Exercise materials -
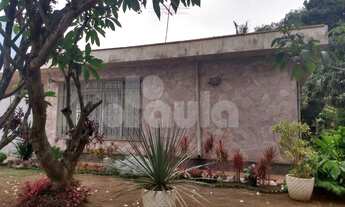 Imagem 7: Terreno com casa térrea, e 238 de área construída , e terreno 20x50 , totalmente plano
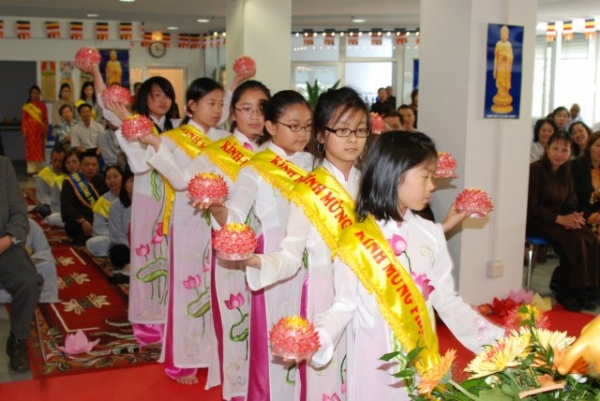 Lễ Phật Đản tại Tp. Dresden – CHLB Đức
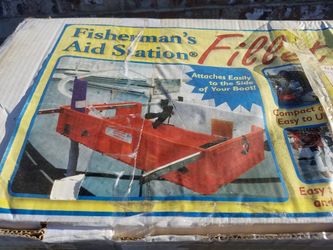 Fish cleaning table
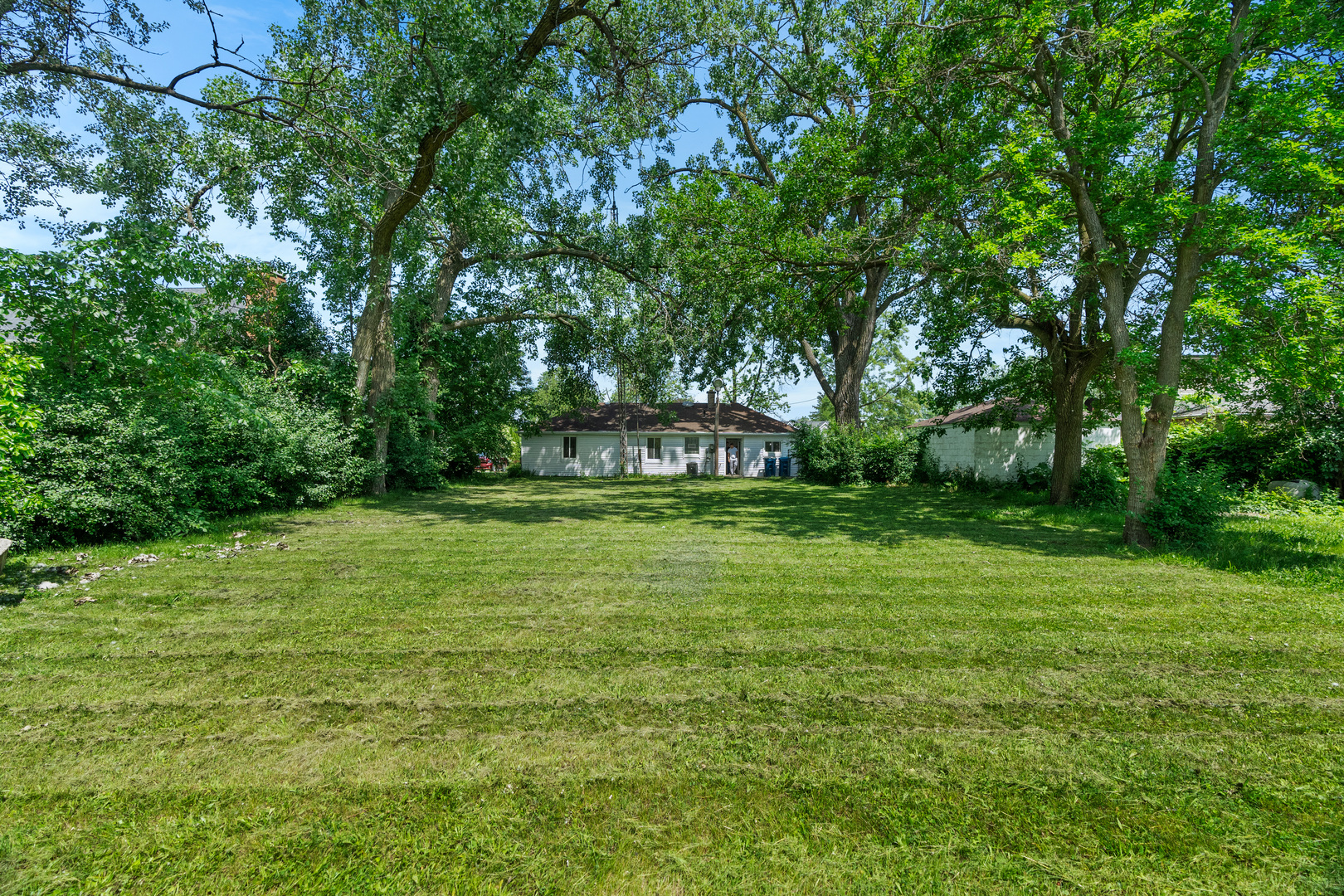 930 S CHATHAM Avenue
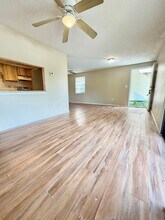 129 Camphor Cir, Unit F in Oldsmar, FL - Building Photo - Building Photo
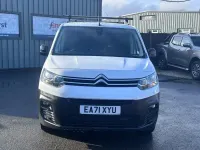 Usado Citroën Berlingo 130 HP (95 kW) 2021 Branco Monovolume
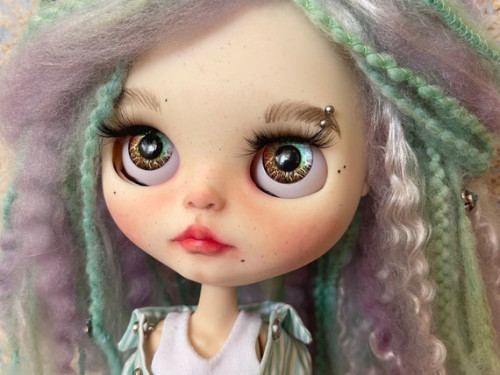 Blythe doll custom tbl with dreadlocks by KattySuzume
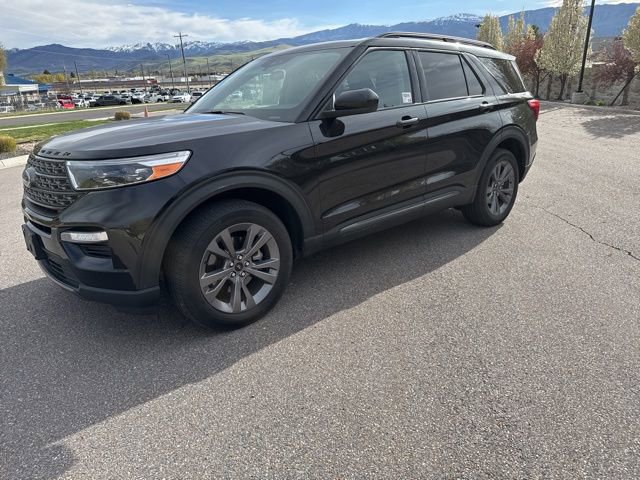 Certified 2022 Ford Explorer XLT w/ Equipment Group 202A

Work instructions -
From the line containing "930 S CHATHAM Avenue" to the last line of the records above, return each line exactly, both ends included, and nothing more. Leave out the pictures.

Answer to this task -
 930 S CHATHAM Avenue
 129 Camphor Cir, Unit F in Oldsmar, FL - Building Photo - Building Photo
 Usado Citroën Berlingo 130 HP (95 kW) 2021 Branco Monovolume
 Blythe doll custom tbl with dreadlocks by KattySuzume
 Certified 2022 Ford Explorer XLT w/ Equipment Group 202A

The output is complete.